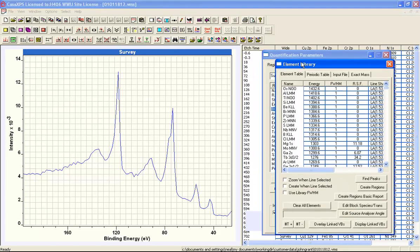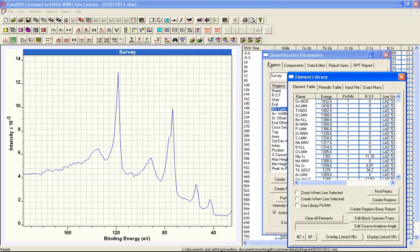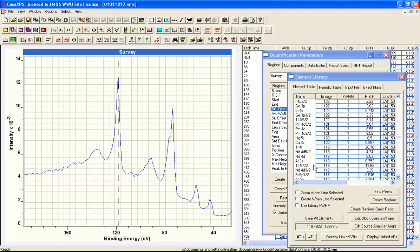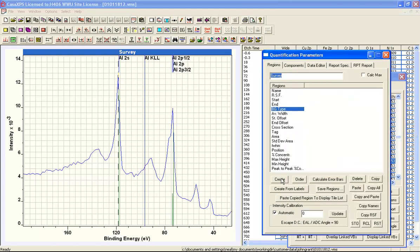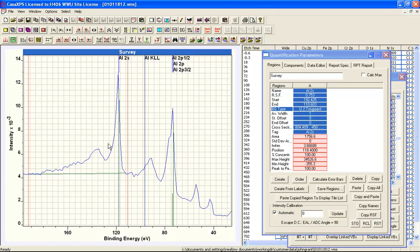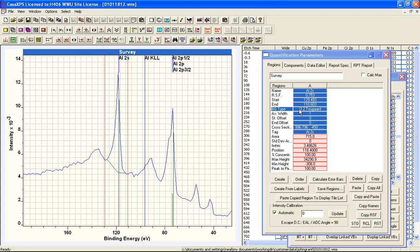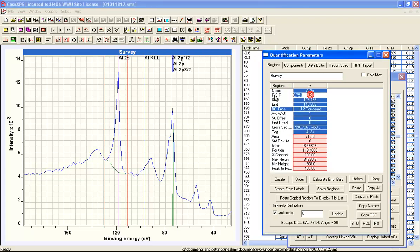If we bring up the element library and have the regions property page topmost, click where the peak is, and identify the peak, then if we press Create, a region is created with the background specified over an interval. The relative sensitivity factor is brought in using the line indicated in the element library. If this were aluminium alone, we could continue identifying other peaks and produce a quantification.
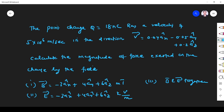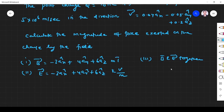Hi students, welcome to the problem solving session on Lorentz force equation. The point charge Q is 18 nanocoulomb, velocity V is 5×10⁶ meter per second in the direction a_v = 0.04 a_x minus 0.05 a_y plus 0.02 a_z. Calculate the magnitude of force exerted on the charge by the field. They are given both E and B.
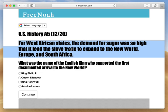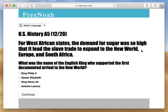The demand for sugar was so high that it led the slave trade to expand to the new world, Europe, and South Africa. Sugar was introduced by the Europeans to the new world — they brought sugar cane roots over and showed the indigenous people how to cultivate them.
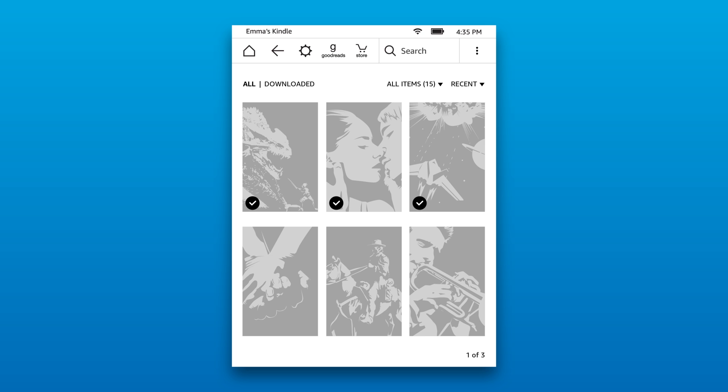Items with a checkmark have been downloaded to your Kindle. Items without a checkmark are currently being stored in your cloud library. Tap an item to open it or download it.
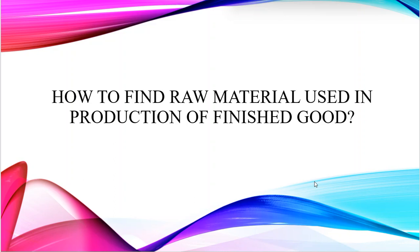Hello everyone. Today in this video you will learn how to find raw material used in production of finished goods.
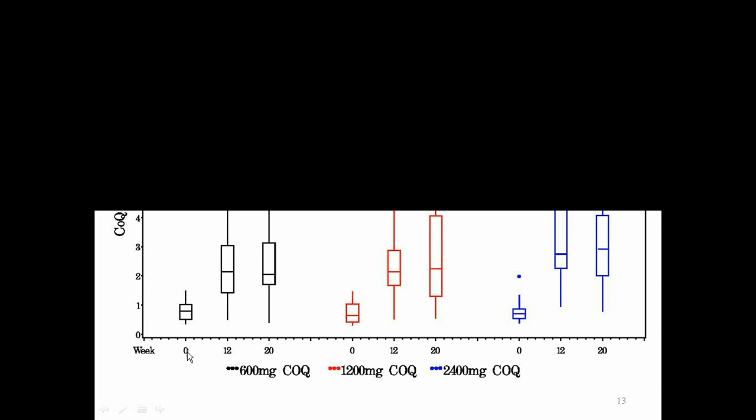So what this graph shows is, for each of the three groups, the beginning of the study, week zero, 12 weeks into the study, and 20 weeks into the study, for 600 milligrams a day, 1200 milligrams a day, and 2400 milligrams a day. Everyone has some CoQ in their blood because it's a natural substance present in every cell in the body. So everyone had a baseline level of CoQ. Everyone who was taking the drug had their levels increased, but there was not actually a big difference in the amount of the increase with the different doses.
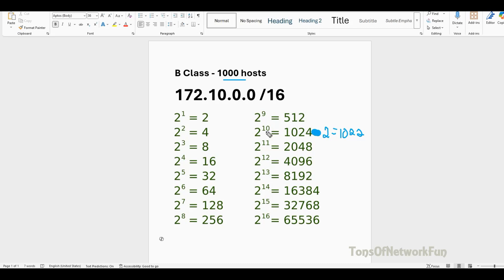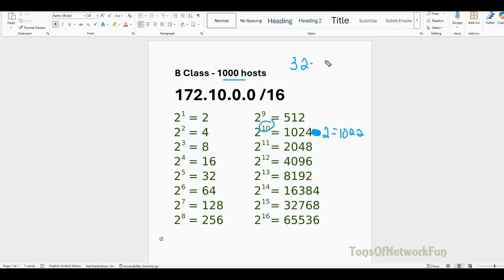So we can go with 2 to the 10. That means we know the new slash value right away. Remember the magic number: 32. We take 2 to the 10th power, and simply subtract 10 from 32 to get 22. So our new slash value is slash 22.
══════════════════════════════
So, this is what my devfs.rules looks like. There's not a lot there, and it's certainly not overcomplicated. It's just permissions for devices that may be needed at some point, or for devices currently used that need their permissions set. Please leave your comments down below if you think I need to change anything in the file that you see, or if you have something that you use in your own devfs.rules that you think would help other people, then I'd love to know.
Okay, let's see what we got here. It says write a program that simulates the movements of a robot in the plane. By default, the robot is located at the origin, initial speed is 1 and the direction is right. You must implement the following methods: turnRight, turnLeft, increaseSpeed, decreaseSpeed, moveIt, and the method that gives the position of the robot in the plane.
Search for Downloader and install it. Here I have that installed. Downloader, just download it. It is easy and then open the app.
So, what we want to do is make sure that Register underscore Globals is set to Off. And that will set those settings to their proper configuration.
══════════════════════════════
=== How to complete this task ===
Above this instruction are the records; retype exactly the lines from the one containing "Okay, let's see" up to and including the one containing "So, what we".

=== Final answer ===
Okay, let's see what we got here. It says write a program that simulates the movements of a robot in the plane. By default, the robot is located at the origin, initial speed is 1 and the direction is right. You must implement the following methods: turnRight, turnLeft, increaseSpeed, decreaseSpeed, moveIt, and the method that gives the position of the robot in the plane.
Search for Downloader and install it. Here I have that installed. Downloader, just download it. It is easy and then open the app.
So, what we want to do is make sure that Register underscore Globals is set to Off. And that will set those settings to their proper configuration.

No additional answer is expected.